For 400 years, every English translation of The Odyssey was written by men—and they kept quietly changing the words to make the women look worse and the hero look better.
Then in 2017, Emily Wilson became the first woman to translate Homer's epic into English. And suddenly, people realized how much the story had been rewritten.
Take one word: "polytropos." It's the very first description Homer gives of Odysseus. The first word that tells you who this character is.
Previous translators rendered it as "resourceful" or "versatile" or "of many ways." Sounds admirable. Heroic, even.
Emily Wilson translated it as "complicated."
That one word changes everything. Odysseus isn't just clever—he's morally ambiguous, manipulative, difficult. The kind of person who lies even when truth would work better. The kind of survivor who does whatever it takes and doesn't always feel guilty about it.
That's actually what Homer said. But for centuries, translators smoothed it over because heroes were supposed to be noble.

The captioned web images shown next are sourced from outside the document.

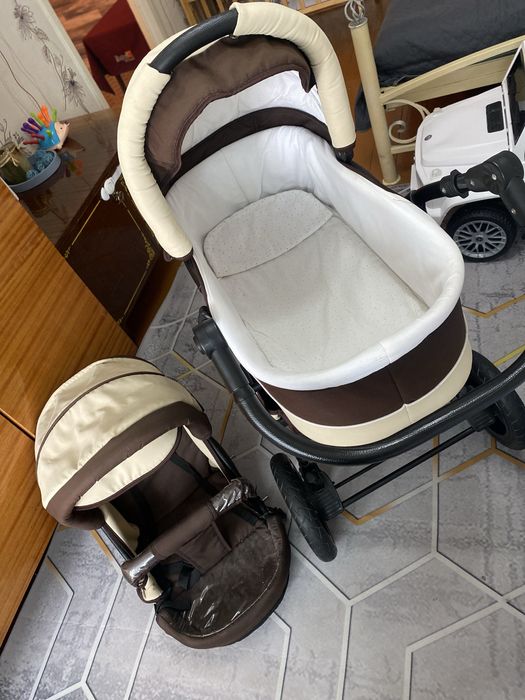 Коляска 2в1 в хорошем состоянии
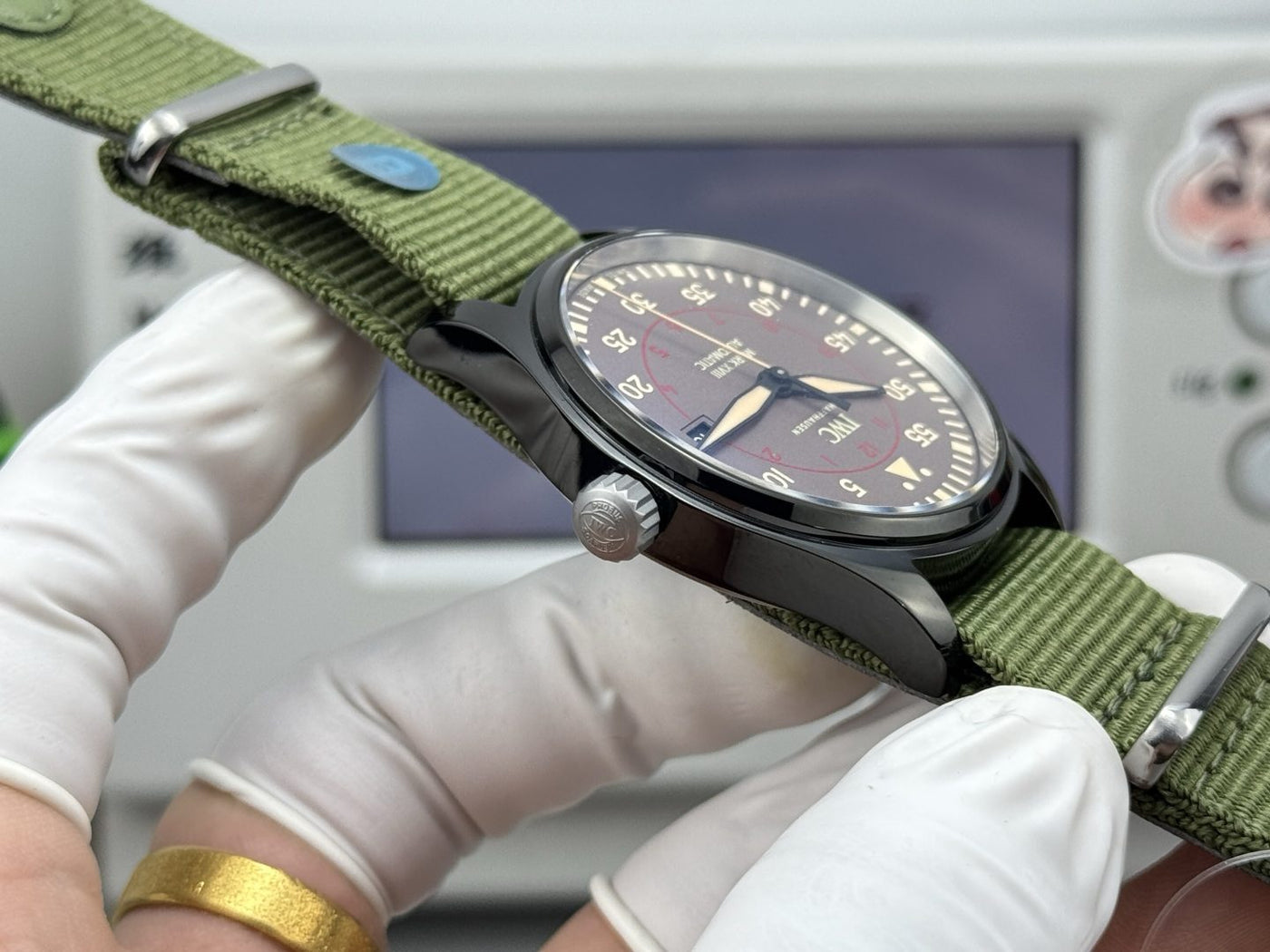 IWC 컨템포러리 타임피스 15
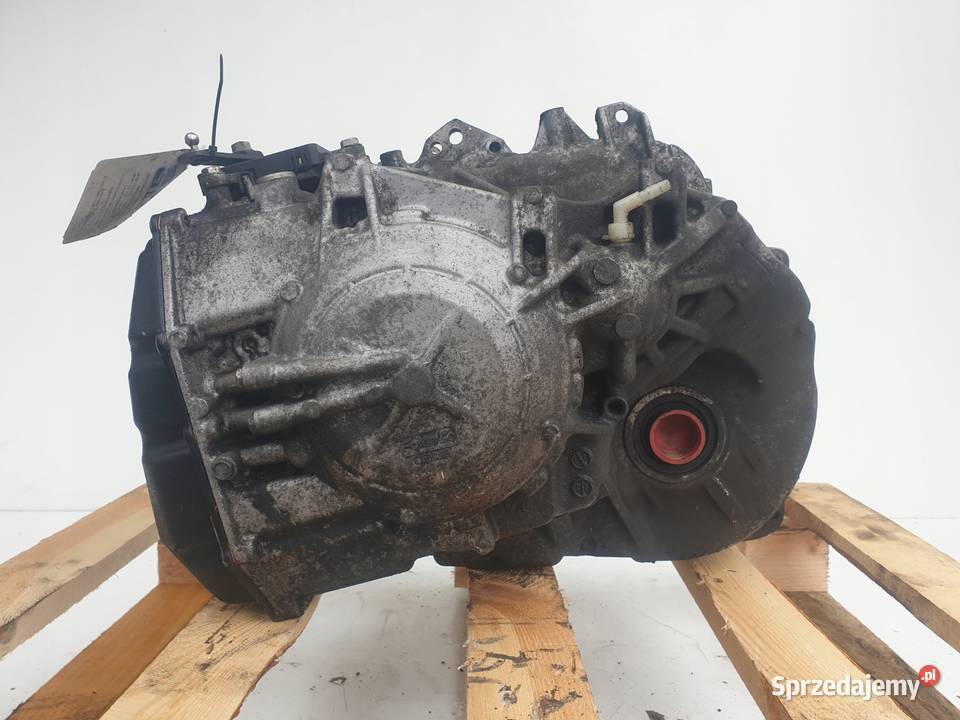 Volvo V70 III 20 D D5 AUTOMATYCZNA SKRZYNIA osobowe Janów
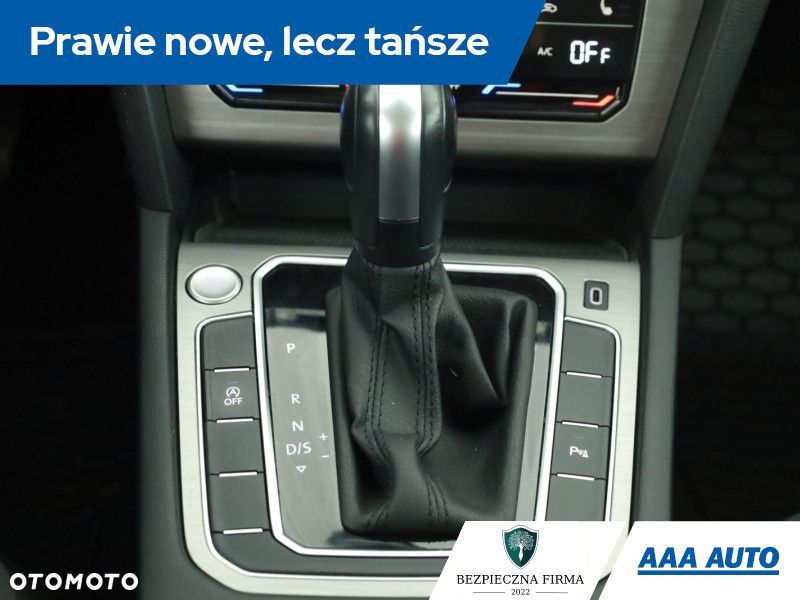 Volkswagen Passat Variant - 13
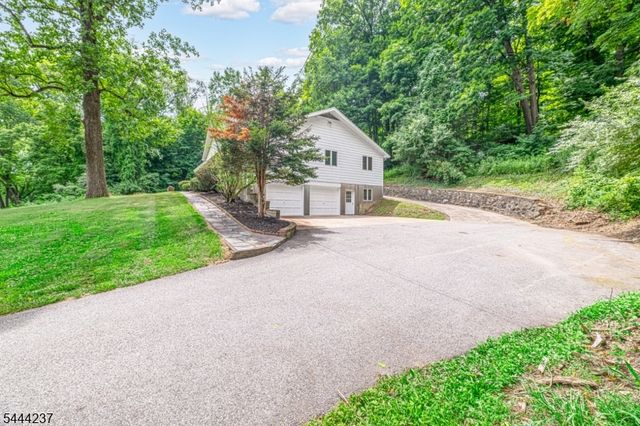 517 County Rd 517, Vernon Twp., NJ 07461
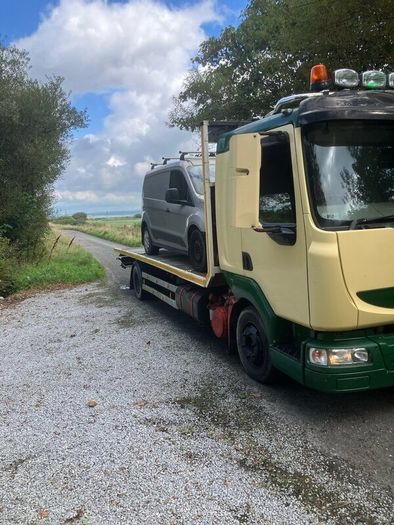 Renault recovery truck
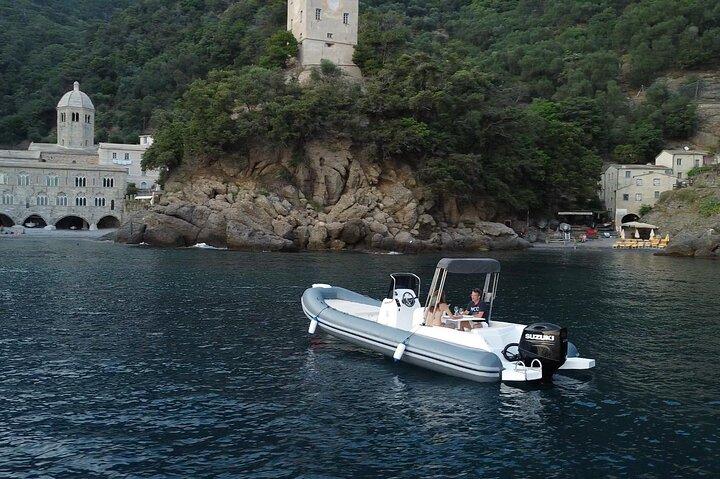 Daily and Sunset Tour Exursion boat from Genoa to Portofino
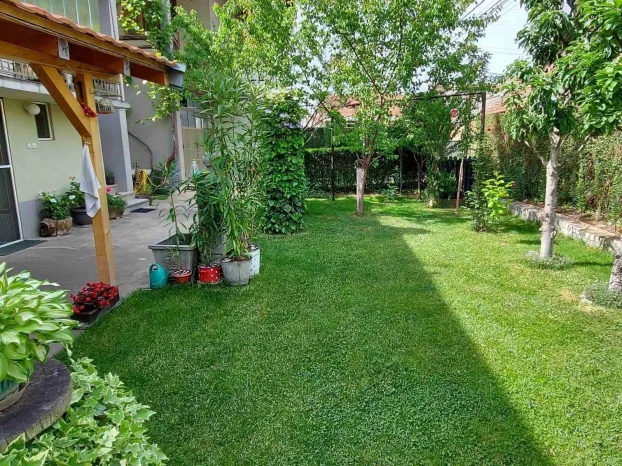 9. maj, 5+ petosobna, 300 m²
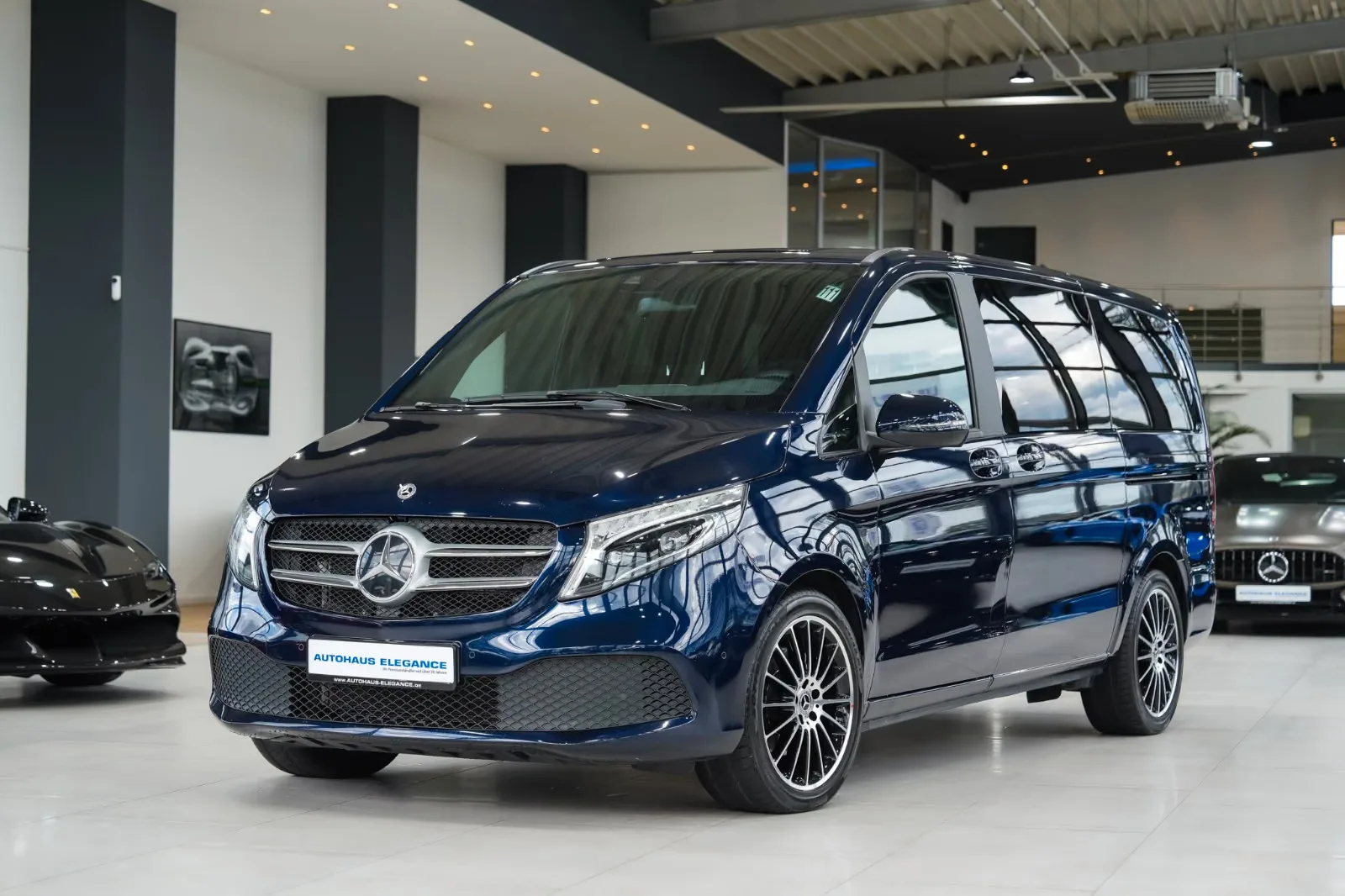 2022 Mercedes-Benz V 300 d Edition, Long angeboten von einem Fachhändler in Köln, Deutschland, Hauptfoto
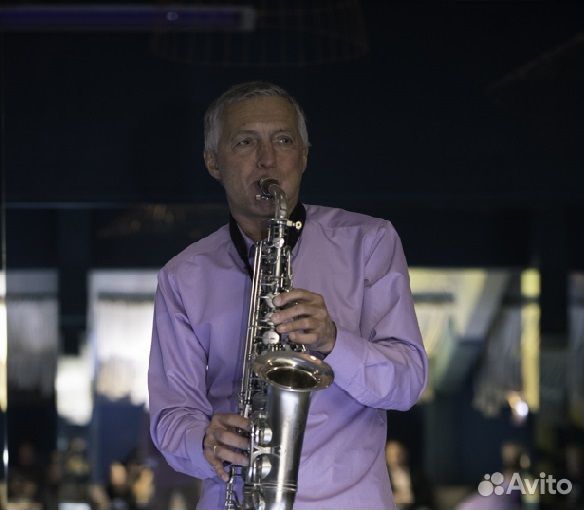 Преподаватель саксофона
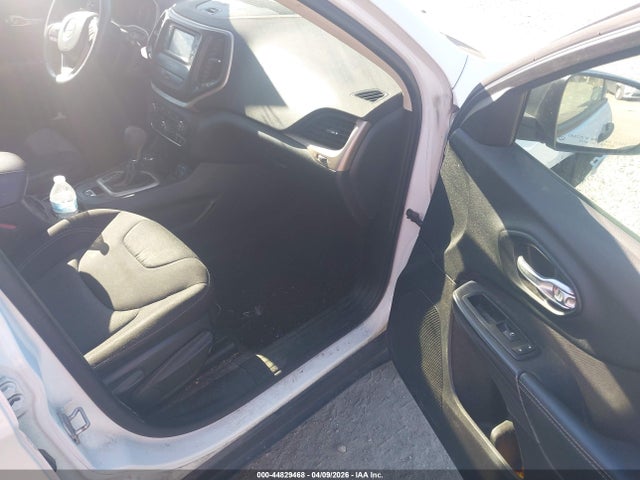 44829468 :رقم المزاد ، 1C4PJMABXFW685164 vin ، 2015 Jeep Cherokee Sport مزاد بيع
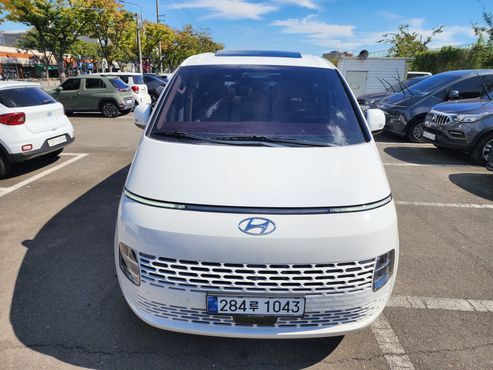 Hyundai Staria Tourer 9-Seater Modern — пробег 79 300 км — фото 3 из 5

Wilson's translation was a revelation: What else had been quietly edited for 400 years?
The answer was: almost everything involving women.
Consider the enslaved women in Odysseus's household. When he finally returns home after 20 years, he discovers that some of these women had been forced into sexual relationships with the suitors occupying his house.
Odysseus and his son Telemachus execute these women—hanging them all in a brutal mass killing.
Earlier translations described these women with a specific Greek word that Homer uses: "dmôai." It means enslaved women. Property with no rights, no choice, no agency.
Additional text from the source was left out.